BSCC has been defined in the 2005 WHO blue book as an aggressive high grade variant of squamous cell carcinoma of both basaloid and squamous components. [8] Wain et al.[1] first introduced this histopathological entity and called it as BSCC in 1986. Till date approximately 45 cases of BSCC involving the oral cavity have been reported in literature, with a strong predilection for base of the tongue (61%) and floor of the mouth (30%). [9]

The histogenesis of this neoplasm is controversial. It is suggested that the tumor originates from the totipotential cells in the basal layer of squamous epithelium. When we review the etiology, it is seen that the possible relationship of BSCC and viruses is a matter of debate and has been reported in some locations like nasopharynx and penis. [10],[11] The obtained data are controversial, while Kleist et al.[12] and El mofty et al.[13] have very recently detected a high frequency of HPV and HSV in basaloid tumors than in conventional squamous cell carcinoma in the head and neck, others have found no difference.

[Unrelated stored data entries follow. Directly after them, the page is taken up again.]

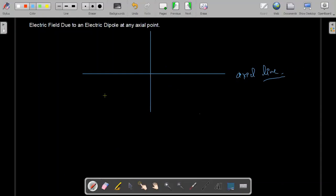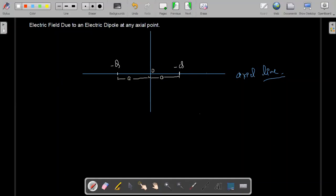First of all, we need two equal and opposite charges. We need one charge, minus Q. And this charge will be at a distance. If we have a reference here, exactly at a distance we will place a charge that is positive Q. Now this is our dipole system and this is the axial line. Suppose there is a point P. At this point P, we will find the electric field due to the charges.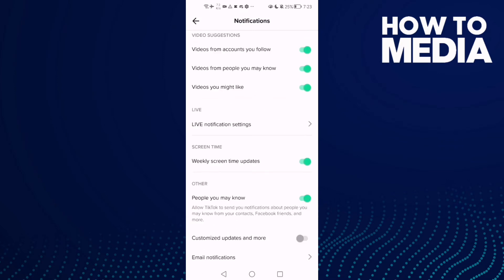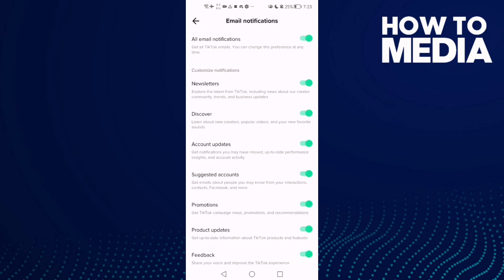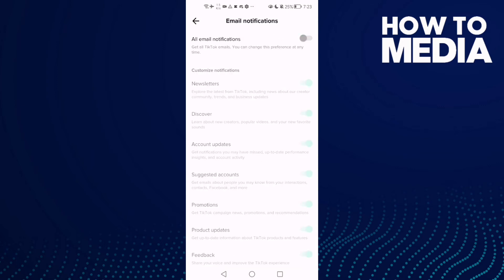Scroll down and here you will find Email Notifications — just click on it. You will find All Email Notifications — just click on it if you want to turn it off.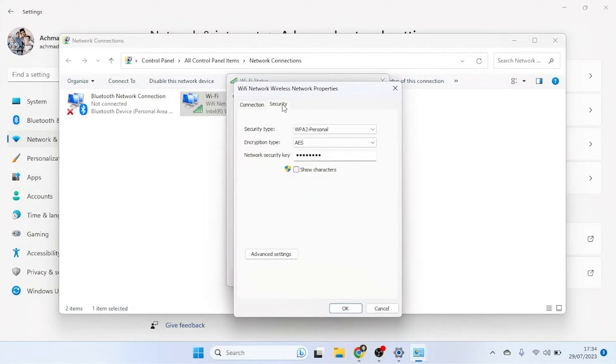Go to the Security tab and check the box Show Characters. Your Wi-Fi password will be displayed in plain text under Network Security Key.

The various sites of origin of BSCC reported by authors were gingiva (Eiji Hirai et al.[14] ), oral mucosa and maxillary tuberosity (C. Wedenberg et al.[15] ), floor of the mouth (Kunal Sah et al.[16] ), retromolar trigone (Marcia Sampaio Campose et al.[17] ), nasal cavity (Joong Seob Lee et al.[18] ), hypopharynx with extensive spindle cell component (Tokuhiro kimura et al.[19] ), conjunctiva and paranasal sinus (Pooja Vasudev [20] ), urinary bladder (Funda Vakar -Lopez et al.[21] ) and uterine cervix (Yong Soon Kwon [22] ) [Table 1].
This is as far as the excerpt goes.